Web page caption snippets:
=====
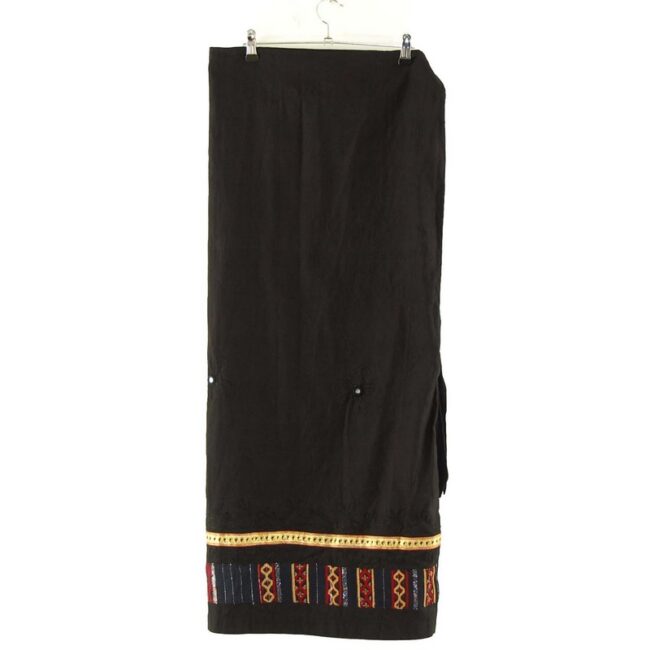 Features black cotton fabric with ribbon trim and embroidery around the hem and embroidered flowers with mirror embellishment around the centre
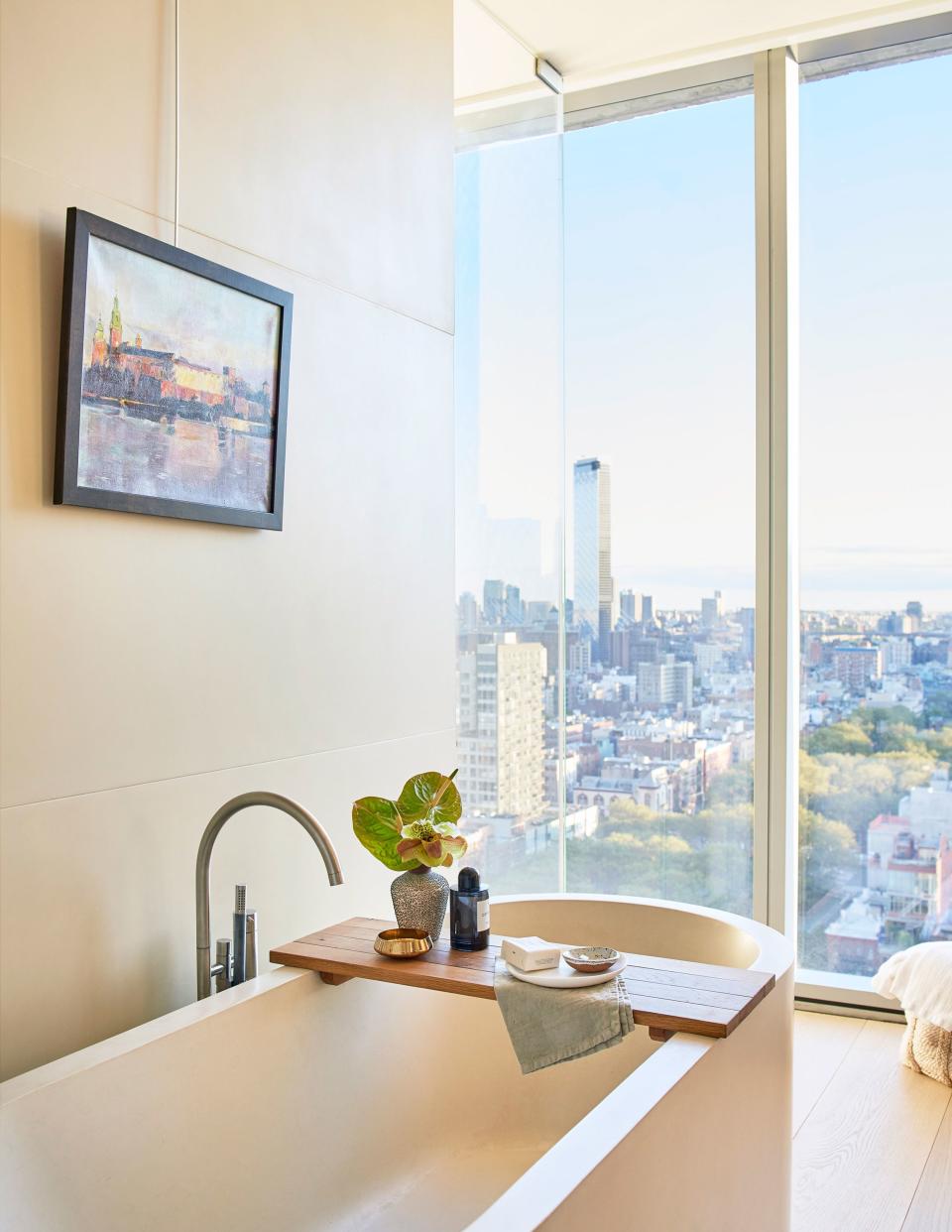 In the master bath, the deep tub is decorated with accessories from Côte à Coast and Homenature in New York. Above it hangs a landscape painting from Ostrego’s birthplace, Krakow, purchased by his father at Florian’s Gate. “It’s a reminder of the sacrifices my parents made to be here in the U.S.,” he says.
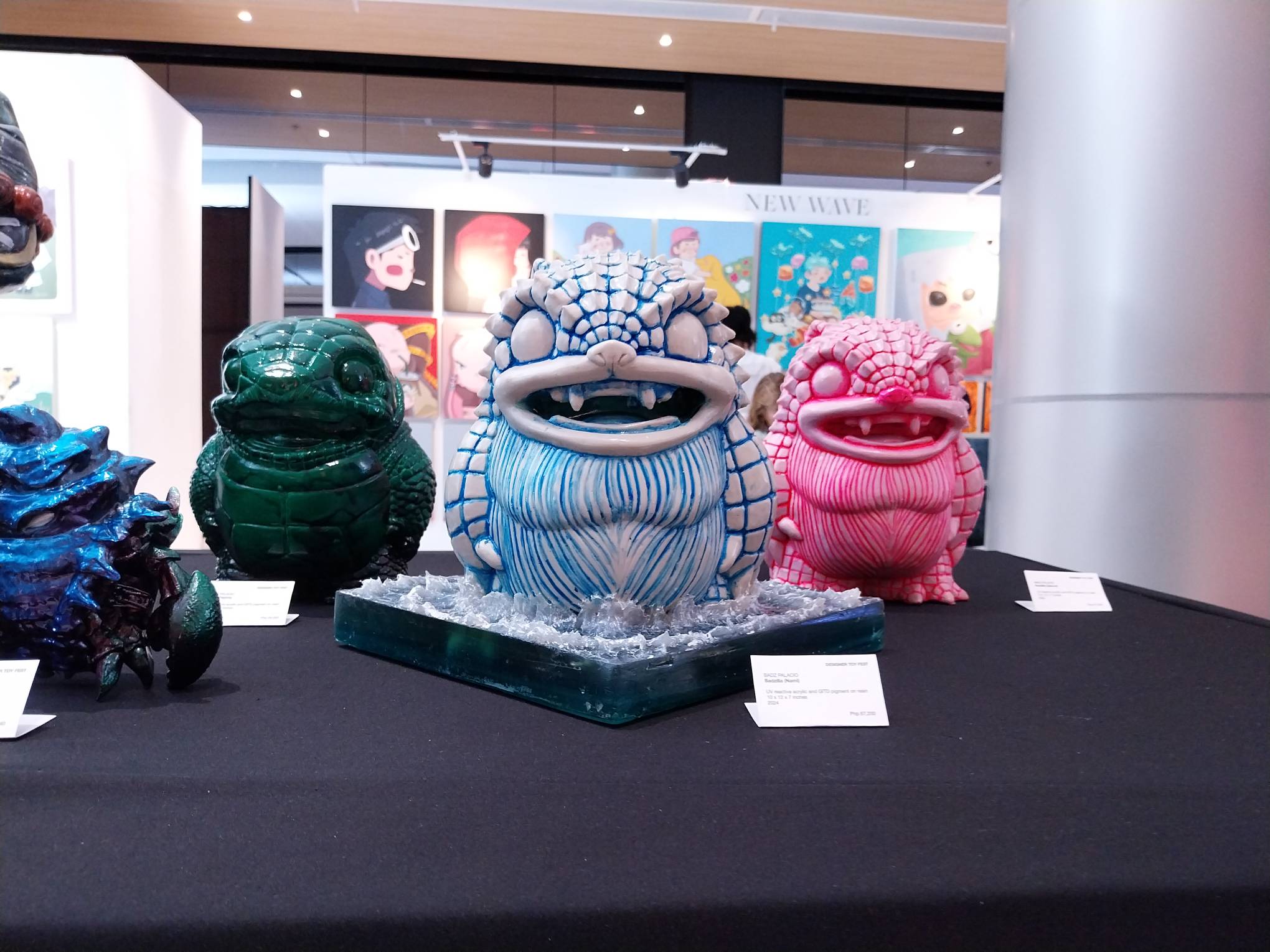 Godzilla-like toys shown at Bang! Designer Toys.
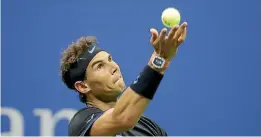  ?? GETTY IMAGES ?? Rafael Nadal serves against Andrey Kuznetsov during his third-round win yesterday.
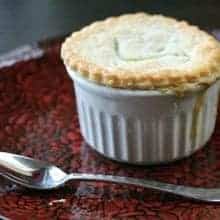 Mini Chicken Pot Pies in white ramekins on a red rose designed plate with spoon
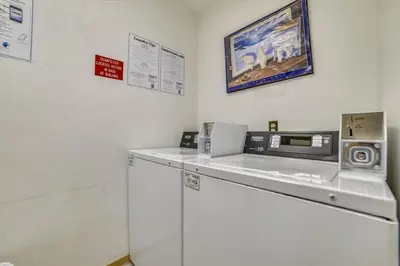 a white room with a machine and a microwave at Cedar Lodge 309 in Frisco
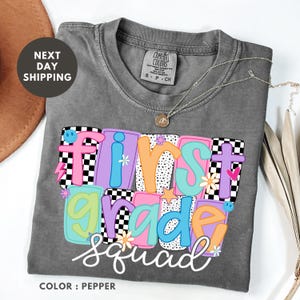 a gray t-shirt with a colorful design that says "First Grade Squad" in a playful font.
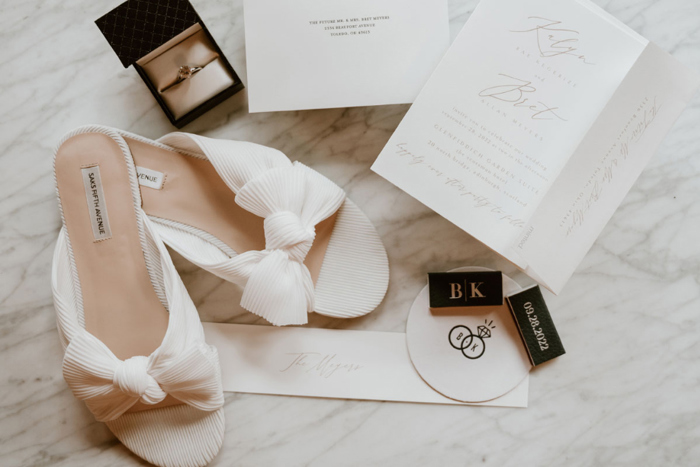 Wedding details with shoes ring and order of the day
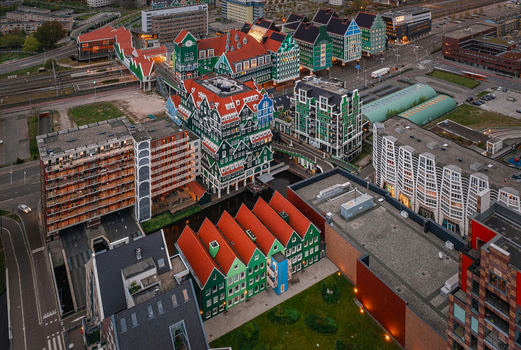 Zaandam Netherlands 26 April 2022 Aerial view of Inntel Hotels Amsterdam Zaandam with its unique stacked green house facade surrounding modern architecture and urban streets at dusk.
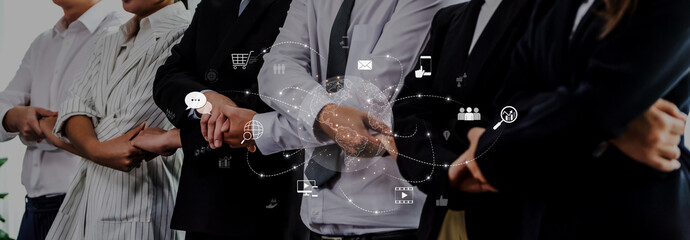 A diverse group of business professionals in formal attire showcases collaboration in a modern workspace with digital icons symbolizing technology and communication. Trope
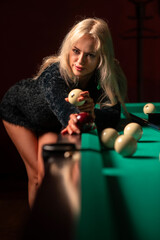 Young beautiful blonde girl in a studio with a billiard table. Photographed in low key.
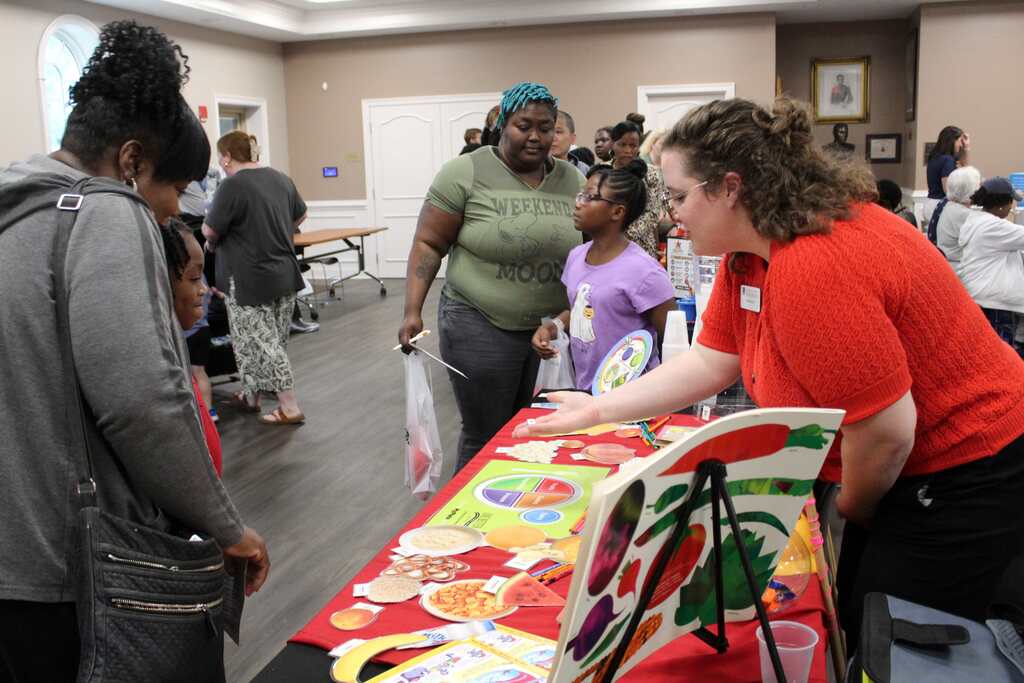 A group of people inside a room with a table full of colorful items, one person showing something to others.
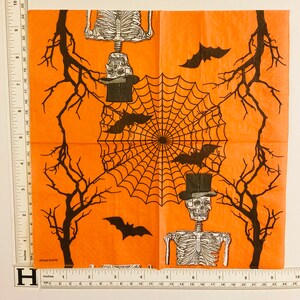 May include: Orange Halloween themed paper napkins with a black spiderweb design, black bats, and skeletons wearing top hats.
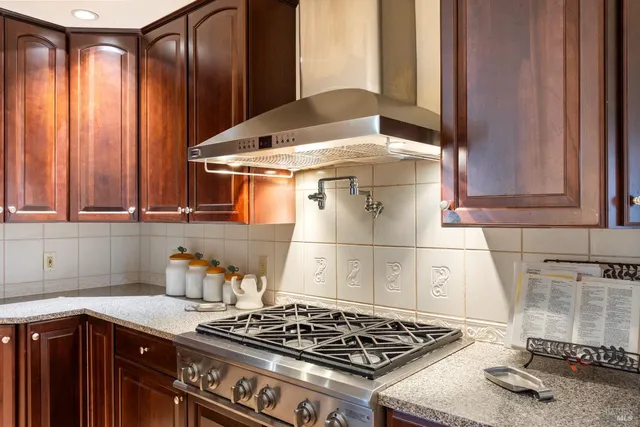 a kitchen with a stove and a sink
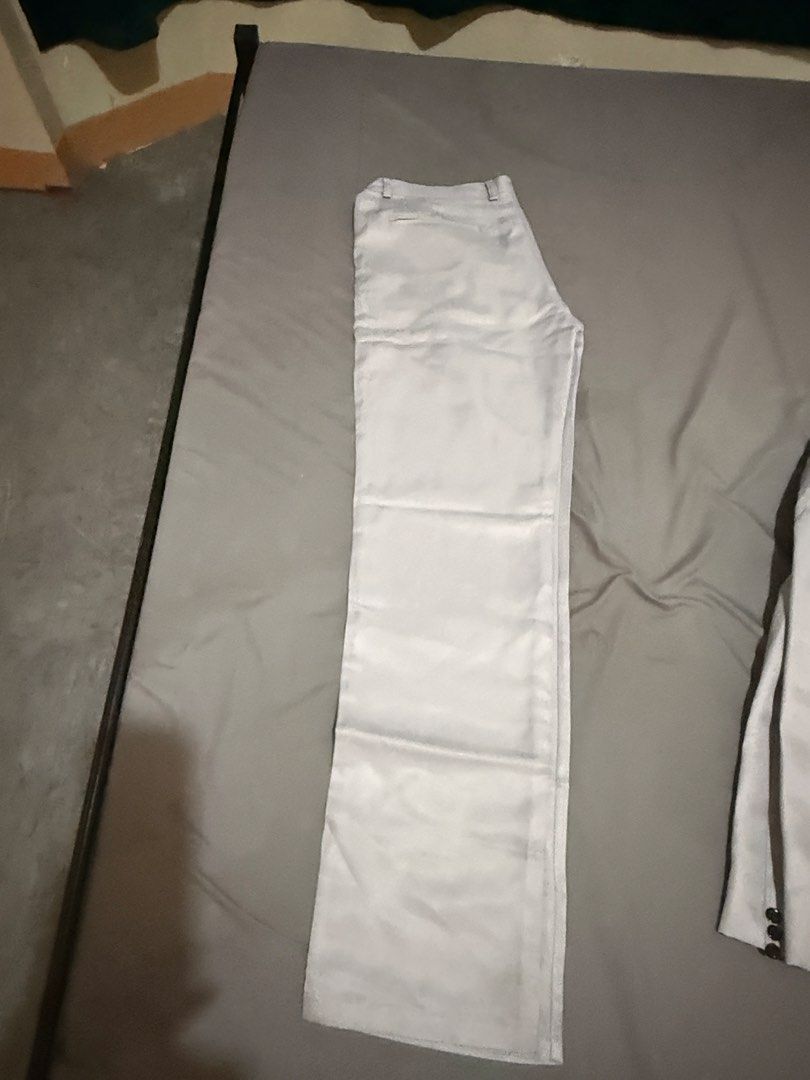 Light Grey Two Piece Suit Set Jacket And Pants (Category: Coats, Jackets and Outerwear) located in Pasig City. Submitted by jointeamqu40916 (Listing ID 1467656428, Image 2). Description: - Color: Light grey with a subtle sheen - Set includes: Single-button blazer and matching trousers - Blazer features: Functional pockets and premium silky inner lining - Fabric: Clean, high-quality material - Occasion: Ideal for formal events, weddings, parties, 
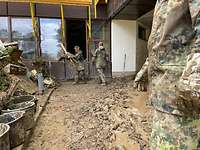 Zwei Soldaten stehen tief im Schlamm und räumen Schutt aus einem Gebäude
=====
- [WHAT YOU SHOULD DO]: Transcription of the lines from the one with "Light Grey Two" through the end of the entries is required, exact and with no pictures.

- [REPLY TO THE EXERCISE]:
 Light Grey Two Piece Suit Set Jacket And Pants (Category: Coats, Jackets and Outerwear) located in Pasig City. Submitted by jointeamqu40916 (Listing ID 1467656428, Image 2). Description: - Color: Light grey with a subtle sheen - Set includes: Single-button blazer and matching trousers - Blazer features: Functional pockets and premium silky inner lining - Fabric: Clean, high-quality material - Occasion: Ideal for formal events, weddings, parties, 
 Zwei Soldaten stehen tief im Schlamm und räumen Schutt aus einem Gebäude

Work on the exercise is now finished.